I received a pre-release copy of Tom Davenport’s new book Analytics at Work: Smarter Decisions, Better Results
. The book is a follow-on to Competing on Analytics (reviewed here) and is a shorter, pithier book than its predecessor. Once again Tom collaborates with Jeanne Harris and this time Robert Morison of the Concours group. Where the previous book focused on so-called analytic competitors, this is about “analytics for the rest of us”. It is a very readable book with some good practical advice that does not require the remaking of your company in a new image. It is also a quick read, it is only 180 pages or so, which should help get more people to read it.
And I hope people do read it. As Tom says “The unexamined decision isn’t worth making” and too many companies and organizations are making unexamined decisions, failing to apply data they have about what works and what does not, making the same mistakes over and making dumb decisions. Like Tom I think it is time for this to stop and this book will tell you how.
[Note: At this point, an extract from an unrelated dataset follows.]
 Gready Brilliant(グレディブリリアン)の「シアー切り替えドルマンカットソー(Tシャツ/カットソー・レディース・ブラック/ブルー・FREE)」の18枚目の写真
In the initial chapter, the book outlines the difference between areas with a history of analytic decision making and those where it is new – performance metrics may be progress in the latter but something like customer segmentation and treatment requires more advanced analytics to score and segment them. It’s important to remember this, to find the right degree of analytic sophistication to make a difference. The book’s focus is broad, covering how analytics can address key questions of information and insight in each of the past, present, future – reporting, alerts and forecasting give information in the past, present and future while modeling, recommendations and predictions/optimization do the same for insight.
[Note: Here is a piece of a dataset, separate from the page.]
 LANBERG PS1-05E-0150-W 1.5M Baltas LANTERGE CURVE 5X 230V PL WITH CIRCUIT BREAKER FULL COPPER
For me the most useful part of the book is part one – a set of chapters describing The Analytic DELTA – Data, Enterprise, Leadership, Targets and Analysts – what Tom regards as the 5 critical elements of successful analytic adoption:
- D – accessible, high quality data
I particularly like the focus on uniqueness as a criteria and on using the business need (decision) to drive quality and integration needs – being with the decision in mind. Focusing BI/analytics people on the quality of decisions they enable not on the data they manage like Humana’s “advocate of all matters quantitative” who relentlessly improves “corporate decision making efforts”. - E – enterprise orientation
The point here is not to focus on fractured analytic projects but on coherent ones across the enterprise. Enterprise-serving projects not self-serving ones. The authors make the great point that getting value from your enterprise applications means anticipating how to use the information they provide to improve performance. - L – analytical leadership
An organization’s leaders must care about analytical decision making, especially where it is multiplicative and delivers leverage (in highly repeatable operational decisions, for instance, where the improvement in decisions is multiplied across all your transactions). - T – strategic targets
A crucial element, that of focusing on using analytics to develop distinctive capabilities. This chapter has a great list of processes that lend themselves to analytics because they are data rich, asset or labor intensive, dependent on speed or consistency and more. The focus on decisions that are complex or ca be optimized, where consistency is required and those done poorly today is spot on. The “ladder of analytic applications” is a great tool for seeing how to develop from simple to more complex analytic solutions working from getting your data in order to segmentation and differentiation, becoming predictive, institutionalizing and finally optimizing. Interestingly this sequence matches exactly the pattern I have seen in research I have been doing for IBM on analytic journeys. - A – analysts
A nice chapter with good thoughts on how to manage analysts as a strategic resource.
Part two addresses how to stay analytical through embedding analytics in business processes, building an analytic culture, reviewing your business comprehensively and embarking on an analytical journey towards “more analytical decisions and better results”. I really like the focus on embedding analytics in business processes – this is a topic close to my heart – and like the authors agree that the use of analytics is especially valuable in workhorse or operational processes. The authors do a nice job of explaining why organizations need to adopt a test and learn mindset, to be always unsatisfied and mindful of change and to focus on an “industrial” analytic process.
While Tom and I disagree over the extent to which analytics can be used to drive fully or mostly automated decisions, we are in synch on his definition of nirvana – an organization that knows its decision points, relies on analytics, integrates them into its operations and monitors performance to close the loop. And one that MAKES DECISIONS AND TAKES ACTIONS using analytics – one that realizes it is not enough to just analyze its data.
The authors end by pointing out that becoming analytic is not a one-time activity but must be ongoing – it is a journey which organizations must begin, where they must build momentum and where they must go from thinking of analytics to thinking about decisions and decision making, from analytic management to decision management.
It’s a great book and you should buy it.